Judge Turk Breathes New Life Into False Marking Claims

If you thought passage of the America Invents Act would end the flood of false patent marking claims, think again. In December, Judge Turk in the Western District of Virginia ruled that a false marking plaintiff could proceed under state consumer protection laws and that such claims were not preempted by the patent laws or the AIA. Sukumar v. Nautilus, Inc., Case No. 7:11CV218, 2011 U.S. Dist. LEXIS 145960 (W.D.Va. Dec. 19, 2011) found here

Sukumar alleged that Nautilus had falsely marked a number of products in violation of 35 U.S.C. 292. After enactment of the AIA, Sukumar amended its Complaint to allege that it had suffered a competitive injury and that Nautilus acted in bad faith. Sukumar also added state-law claims of false advertising and unfair competition under California law and unfair competition under Washington law.

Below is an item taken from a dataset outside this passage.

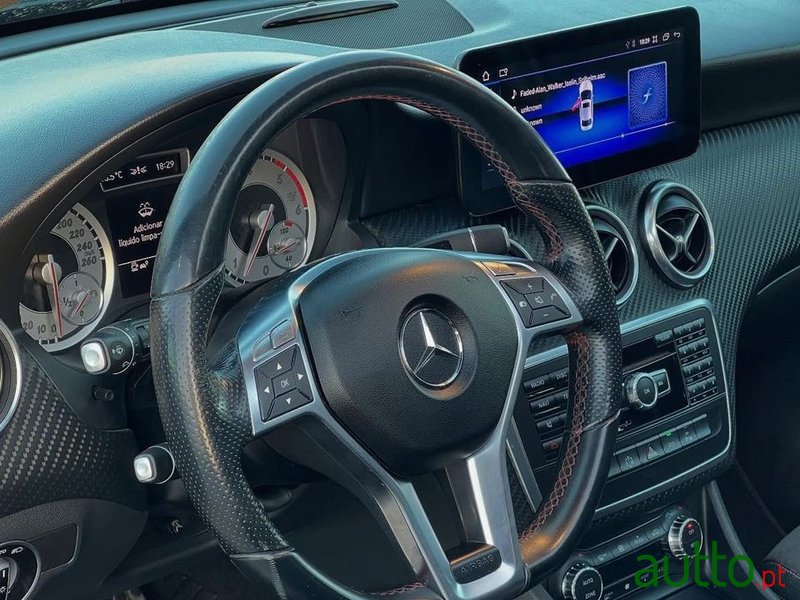 2012' Mercedes-Benz Classe A photo #2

Nautilus moved to dismiss the state law claims as preempted by federal patent law and the AIA. While acknowledging that “the patent grant is within the exclusive purview of federal law,” Judge Turk denied the motion holding:

  • The AIA contains no express preemption provision.
     
  • There is no field preemption of state unfair competition claims that rely on a substantial question of federal patent law, relying on Hunter Douglas, Inc. v. Harmonic Design, Inc., 153 F.3d 1318 (Fed. Cir. 1998), overruled on other grounds, Midwest Indus. Inc. v. Karavan Trailers, Inc., 175 F.3d 1356, 1359 (Fed. Cir. 1999). 
     
  • Neither the AIA nor its legislative history reveals any evidence that Congress intended to “impose upon the traditional authority of the states to regulate areas of consumer protection.”
     
  • There was no direct conflict that made it physically impossible for Nautilus to comply with both federal and state law.
     
  • Sukumar’s state-law unfair competition claims did not create an obstacle to Congress’ intent in passing the AIA

Judge Turk’s opinion contains two important limitations on state-law unfair competition claims for false marking

First, citing Hunter Douglas, Judge Turk held that federal law would preempt Sukumar’s claims if Nautilus did not act in bad faith. In effect, Judge Turk added an element of bad faith to Sukumar’s claims by judicial fiat and allowed this new “unfair competition plus bad faith” claim to go forward. Second, Judge Turk left open the possibility of preemption if a plaintiff did not allege competitive injury.

Two days after his ruling, Judge Turk heard argument on Sukumar’s motion for partial summary judgment on liability on both its false marking claims under Sec. 292 and its unfair competition claims. Judge Turk took the motions under advisement and has not ruled as of today.